Claim $1:$ $P,H,N$ are collinear.

Proof: Let $B'$ be the antipode of $B$. It is well-known that $H,N,B'$ are collinear, so if $HN$ intersects $(ABC)$ for a second time at point $P_1$, then $\angle BP_1H=90^{\circ}.$ However, we know that $\angle BPH=90^{\circ},$ so $P\equiv P_1$ and we are done.

Similarly, it follows that $Q,H,M$ are collinear.

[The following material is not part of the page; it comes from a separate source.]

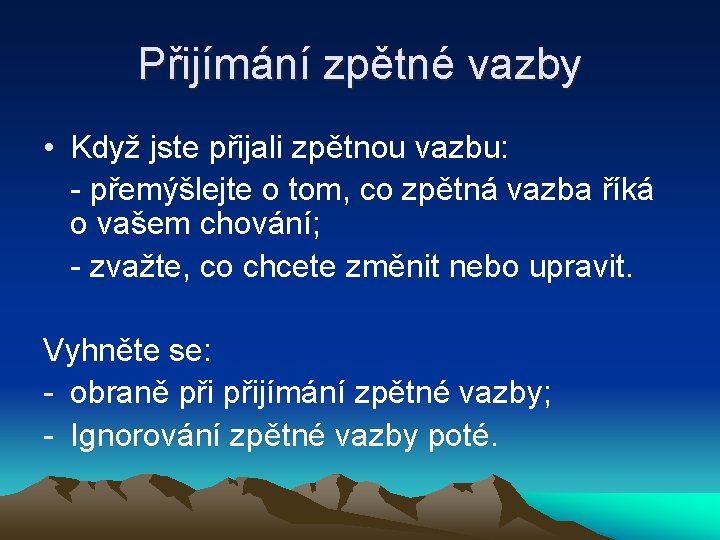 Přijímání zpětné vazby • Když jste přijali zpětnou vazbu: - přemýšlejte o tom, co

Now consider inversion $\Psi$ centered at $H$ with radius $R=-\sqrt{HA\cdot HD.}$ Note that under this inversion, we have that $\Psi(D)=A, \Psi(E)=B$ and $\Psi(F)=C$, so $\Psi(\Gamma)=(ABC).$ Hence, $\Psi(P)=N$ and $\Psi(Q)=M$.

Let $\Psi(X)=Y.$ Since $X=OH\cap BC$, we get that $Y=\Psi(OH)\cap\Psi(BC)=OH\cap (HEF).$ Note that $A\in (HEF)$ and in particular $AH$ is a diameter in $(AEHF).$ Therefore, $\angle OYA=\angle HYA = 90^{\circ}.$

Now $PQDX$ is cyclic iff $NMAY$ is cyclic. However, points $N,M,A,Y$ all lie on the circle with diameter $AO$ and we may conclude.

Remark: This problem shares some similarities with IMO 2015/3.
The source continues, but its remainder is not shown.